L’opinion de Bernard Landry #37

Accommodements déraisonnables

Le Québec est ainsi : il respecte tout autant les religions, qu’il combat la moindre discrimination sexuelle.

www.lasemaine.ca
lundi 19 octobre 2009

Le Québec est tellement accommodant que pendant des années il le fut trop. Nous avons attendu jusqu’en 1977 pour exiger que les enfants des immigrants aillent aux mêmes écoles que les nôtres. Nous tolérons encore que la moitié d’entre eux fréquente les collèges anglophones. Qu’on me nomme un pays où un immigrant peut choisir de fréquenter un collège public dans une autre langue que la langue nationale. Ni les États-Unis, ni la France, ni la Grande Bretagne, qui ne sont pourtant pas des états voyous, ni aucun pays sérieux ne pourrait tolérer une telle absurdité.

Quand Bouchard et Taylor ont choisi comme titre de leur rapport "Le temps de la conciliation", ces deux intellectuels, dont les travaux ne sont pas totalement sans mérite, ont été littéralement insultants par rapport à nos traditions d’ouverture fraternelle. Comme si nous avions attendu leur rapport pour devenir conciliants ! Si nous avons erré dans le passé ce serait de l’avoir été trop.
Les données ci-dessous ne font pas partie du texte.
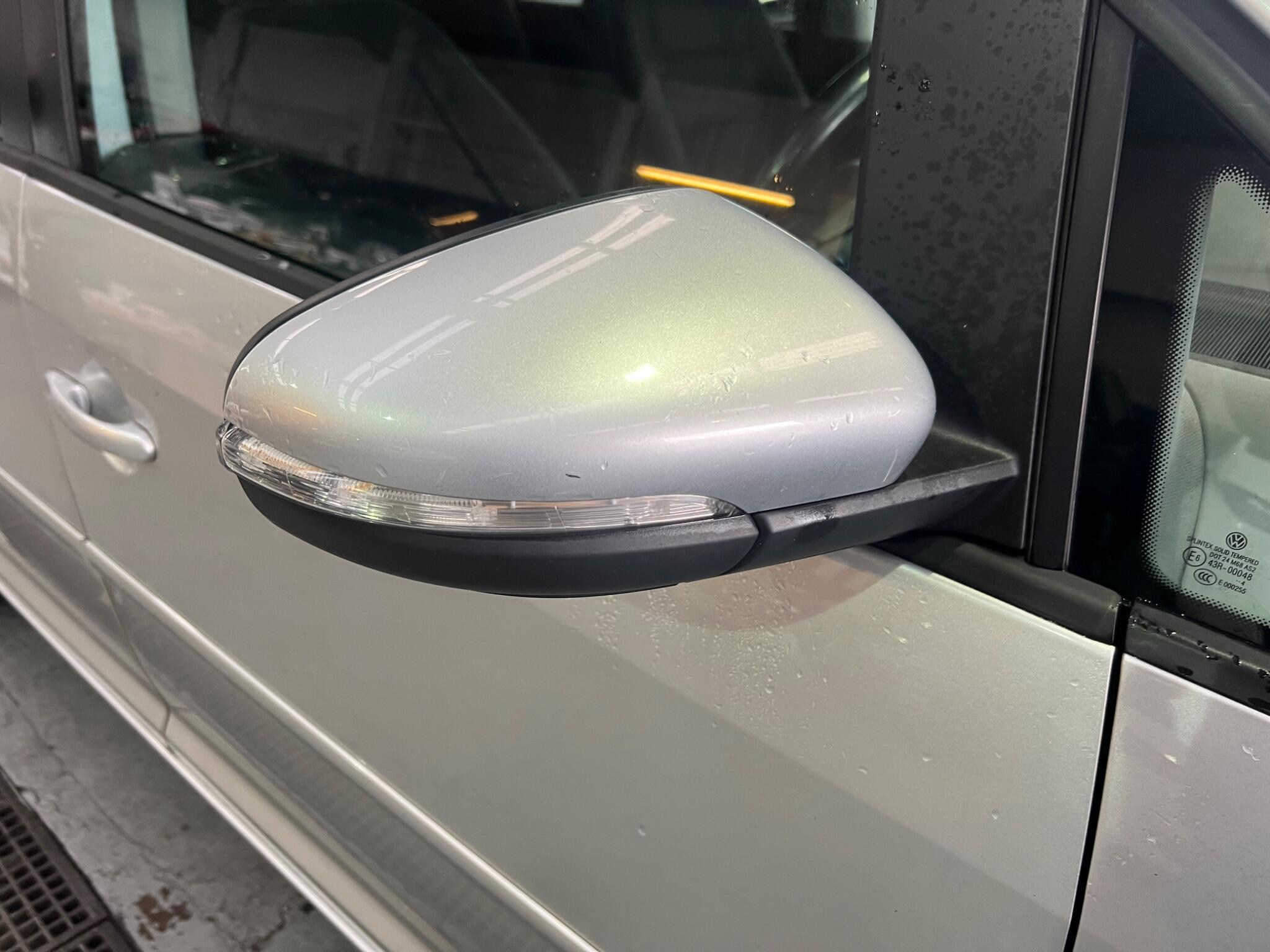 Volkswagen Touran - Image 26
Un projet de loi de notre Assemblée nationale sur la diversité culturelle remet la question dans l’actualité. Il est dénoncé par le Conseil du statut de la femme, de nombreux spécialistes, et beaucoup de gens de tous les horizons. Ils craignent, à bon droit, que cette loi nous oriente vers des accommodements déraisonnables sous l’influence, en particulier, de cet absurde multiculturalisme que le Canada, seul pays à commettre une telle erreur, a inscrit dans sa constitution. Contre la volonté du Québec, faut-il le redire.

Le Québec est multi-ethnique depuis toujours. Ce qui l’a bien servi et est tout à son honneur. Mais notre nation n’est pas multiculturelle. Le Québec doit pratiquer la convergence culturelle qui consiste à consolider et enrichir par l’intégration des immigrants ce tronc commun qu’est notre culture nationale. Les hommes et les femmes qui ont choisi de changer de pays pour rejoindre le nôtre doivent accepter d’en changer réellement et ont le devoir de respecter nos valeurs communes.

Notre gouvernement doit être prudent et éviter les dérives. Les principaux accommodements doivent venir des citoyens de toutes origines et croyances qui réclament qu’on les accommode. Nous avons des devoir, ils en ont aussi.

La Cour suprême du Canada a tendance à déraper à cet égard et "leurs honneurs" ont parfois rendu des jugements qui ne les honorent pas. Ils ont avalisé le port du turban par des Sikhs en "uniformes de la GRC". Ils ont cassé un jugement de notre Cour d’appel interdisant le port du kirpan à l’école alors qu’il n’est pas toléré dans les Cours de justice !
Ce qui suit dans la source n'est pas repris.